La cursilería es la música íntima de la clase media latinoamericana, el grado cero de su política. La negación todavía contrarreformista de los valores ilustrados y sus emanaciones más complejas: acceso a los medios educativos, equidad integradora de la diferencia, gobierno unificado de todos los cuerpos del Estado bajo una sola identidad racional, economía distributiva de escalas, oportunidad democrática, igualdad de género, extinción de los dominios raciales.

¿Quién quiere todo eso cuando puede tener un saquito comprado en Zara que lo separa de la masa y escaparse de ella? ¿Cómo se entiende, si no, que miles y miles de los jóvenes mejor educados de Latinoamérica en los años sesenta y setenta hayan ido a pudrirse en el pantano de las guerrillas y las cárceles más espantosas atendiendo al llamado tan empalagoso de Silvio Rodríguez o Pablo Milanés? ¿Quién agarra el fusil nerviosamente y pasa a la clandestinidad pensando que su unicornio azul ayer se le perdió? ¿Quién porque ya se convenció de que la prefiere compartida antes que cambiar su vida?: un cursi.
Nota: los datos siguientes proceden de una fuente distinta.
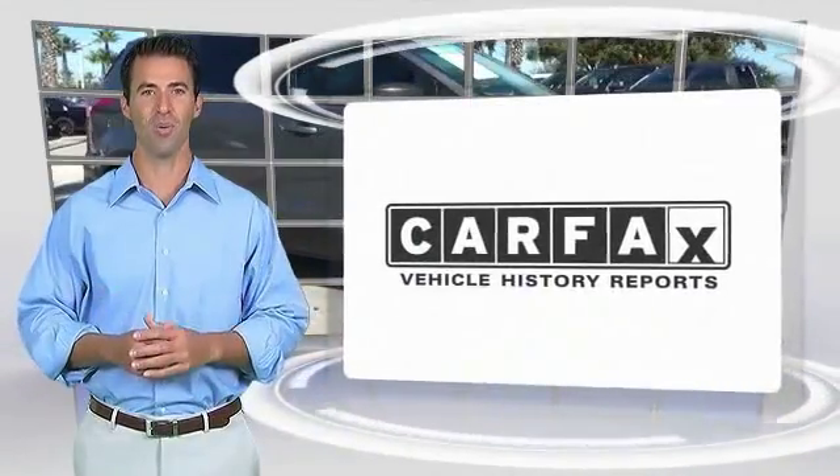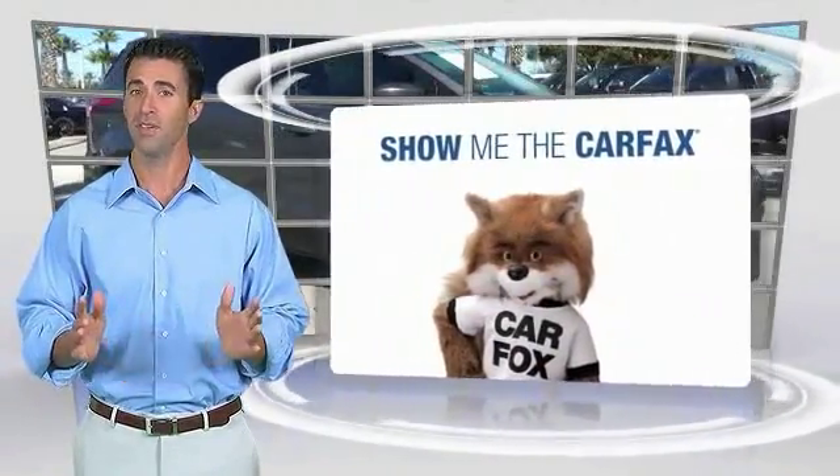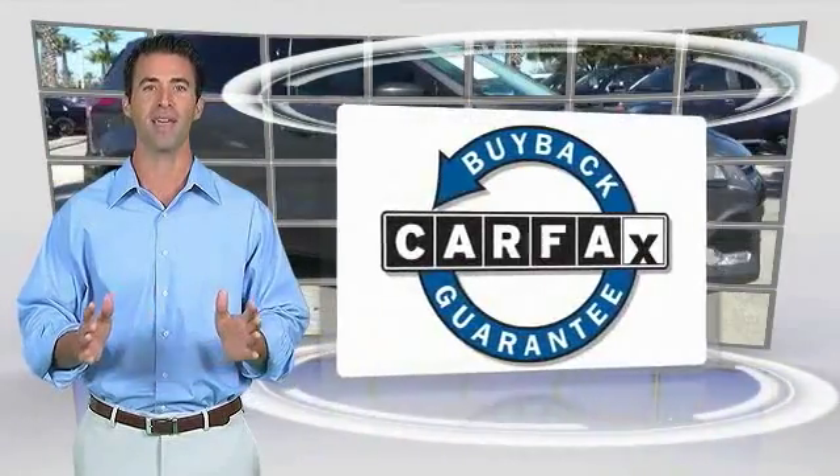Here's another high-quality vehicle with the Carfax Vehicle History Report. Be sure to find a complimentary copy of this report online or contact the dealership. This vehicle qualifies for the Carfax Buyback Guarantee.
Hacia el otro lado, el del hipercapitalismo de esos empresarios kamikaze que son los narcotraficantes –la pesadilla del liberalismo: un capitalismo utópico–, la cosa es igual: ¿Quién decide morir decapitado a los diecinueve años para poder tener durante solo uno la novia que se vea como Britney Spears y la pistola con cacha nacarada y ribetes de oro? Un cursi: hombre en fuga perpetua rumbo a la afluencia que todo lo cura.

Las políticas ilustradas que mencioné antes, han sido adoptadas en la letra por todos los Estados Nacionales latinoamericanos, pero en la realidad, y salvo en las islas rarísimas de Cuba, Puerto Rico y la ciudad de México, si el proyecto de vida de una mujer no empata con las necesidades que impone un embarazo, no puede interrumpirlo. En la Caracas tan revolucionaria o en el Monterrey tan futurista, la escala íntima de las cosas políticas sigue siendo reaccionaria. ¿Hay algo más cursi que los argumentos de izquierdas y derechas latinoamericanas en defensa de la vida?

El propio Darío notó este decir unas cosas y hacer otras en “A Colón”:
Bebiendo la esparcida savia francesa
con nuestra boca indígena semiespañola,
día a día cantamos la Marsellesa
para acabar danzando la Carmañola.

Sin que lo anterior lo eximiera de aplicar el doble estándar propio de la clase que lo había generado.

Aunque dio fieras flores liberales, discutió con el imperio y reconoció sus éxitos y servidumbres según los bandazos de su carácter saturnal, aunque defendió la democracia y se cansó de pregonar los valores democráticos, Darío era, igual que toda la clase de la que provenía, un leal a Manuel Antonio Carreño y su ideología de la ocultación de lo propio de la medianía por la medianía.